AIM OF THE EXERCISE: Everything in the listing should be set down exactly, apart from the pictures.

INFORMATION SUPPLIED:
******************************
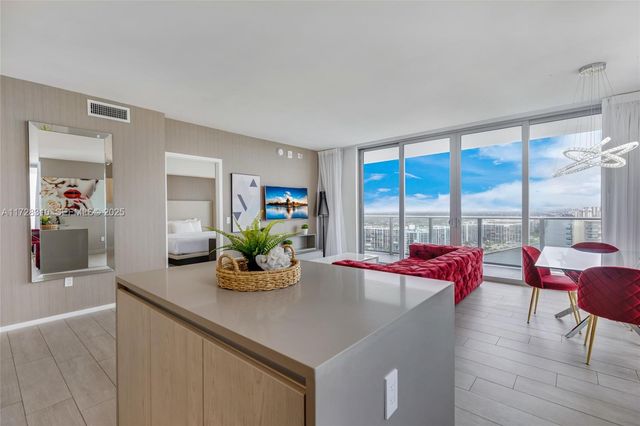 4010 S Ocean Drive R1601, Hollywood, FL 33019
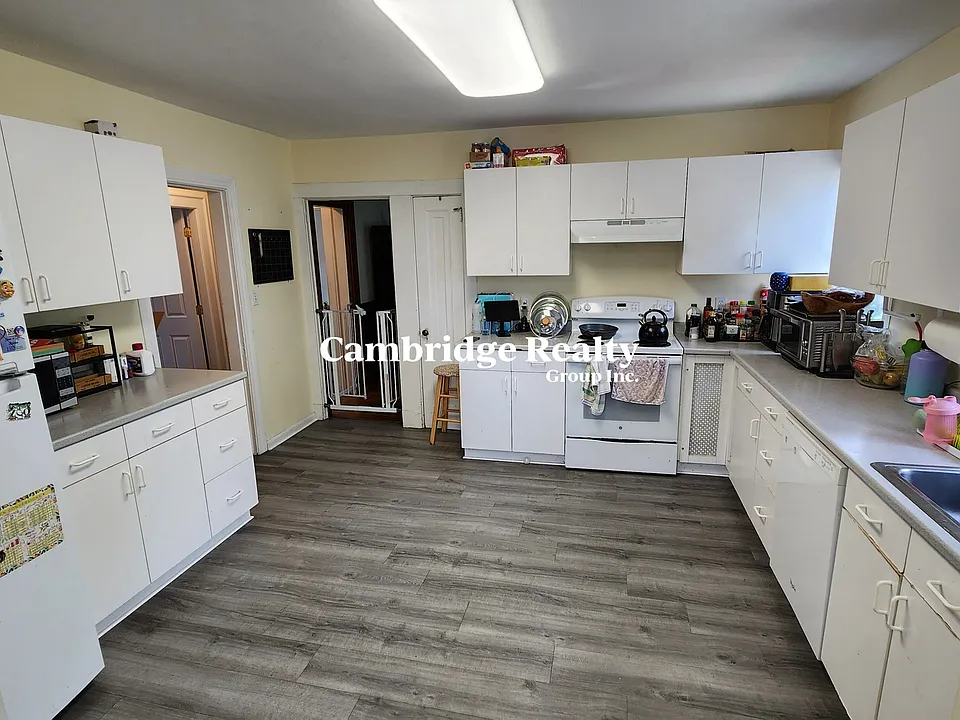 24 Alewife Brook Pkwy #2T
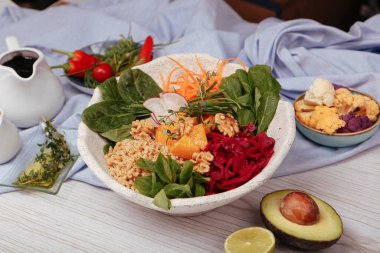 Taze salata tabağı ile karışık yeşillik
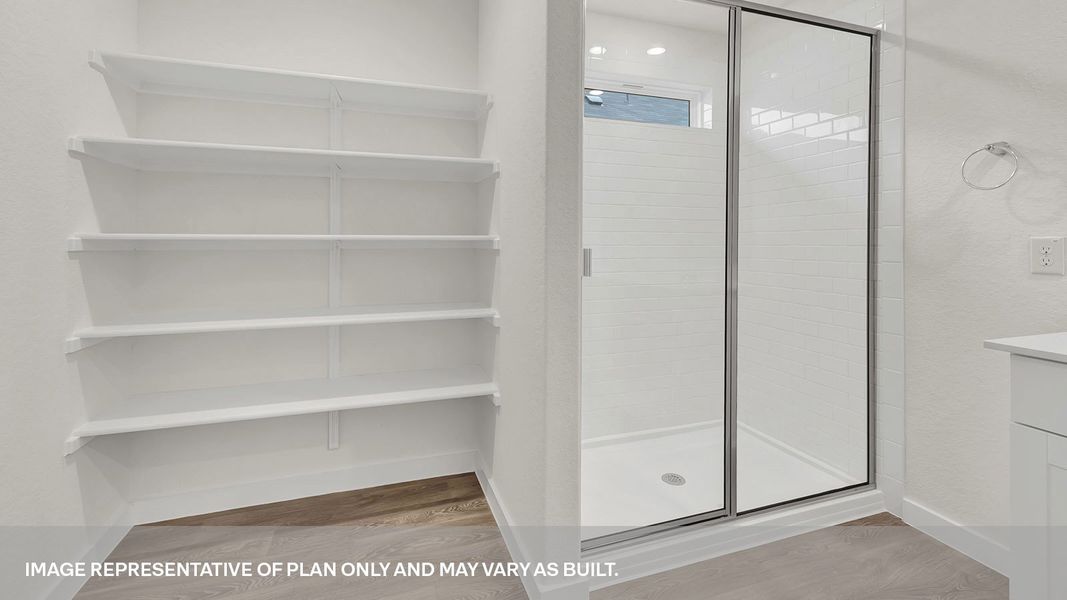 Image 25 representing the The Courtland by D.R. Horton in Sonoma Oaks, Fredericksburg, TX.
******************************
REPLY:
 4010 S Ocean Drive R1601, Hollywood, FL 33019
 24 Alewife Brook Pkwy #2T
 Taze salata tabağı ile karışık yeşillik
 Image 25 representing the The Courtland by D.R. Horton in Sonoma Oaks, Fredericksburg, TX.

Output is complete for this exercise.